Make domdec a proper module

[alexxy/gromacs.git] / src / gromacs / domdec / domdec_setup.cpp
diff --git a/src/gromacs/domdec/domdec_setup.cpp b/src/gromacs/domdec/domdec_setup.cpp

index 087b471ac3e7357f161e97b28dbb7c8bb8635831..8d0bf79b7b2e6e1d753728f442876b0b3f42c8b4 100644 (file)

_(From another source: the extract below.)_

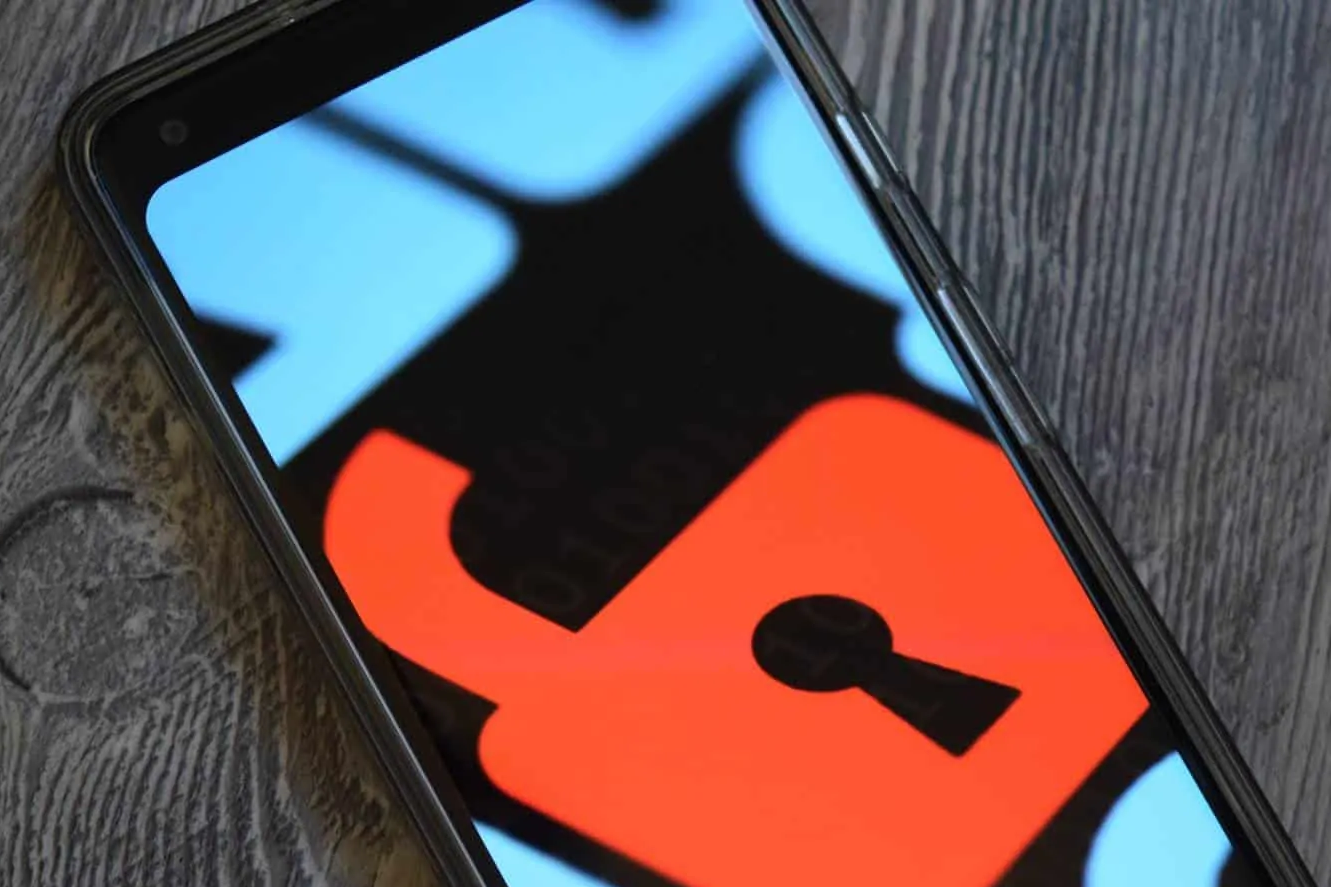 Gần tỷ smartphone dính lỗ hổng nghiêm trọng, mã PIN mất tác dụng trong tích tắc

--- a/src/gromacs/domdec/domdec_setup.cpp
+++ b/src/gromacs/domdec/domdec_setup.cpp
@@ -33,6 +33,15 @@
   * the research papers on the package. Check out http://www.gromacs.org.
   */
  
+/*! \internal \file
+ *
+ * \brief This file defines functions used by the domdec module
+ * in its initial setup phase.
+ *
+ * \author Berk Hess <hess@kth.se>
+ * \ingroup module_domdec
+ */
+
  #include "gmxpre.h"
  
  #include <assert.h>
@@ -49,9 +58,16 @@
  #include "gromacs/math/vec.h"
  #include "gromacs/utility/smalloc.h"
  
-/* Margin for setting up the DD grid */
+/*! \brief Margin for setting up the DD grid */
  #define DD_GRID_MARGIN_PRES_SCALE 1.05
  
+/*! \brief Factorize \p n.
+ *
+ * \param[in]    n     Value to factorize
+ * \param[out]   fac   Pointer to array of factors (to be allocated in this function)
+ * \param[out]   mfac  Pointer to array of the number of times each factor repeats in the factorization (to be allocated in this function)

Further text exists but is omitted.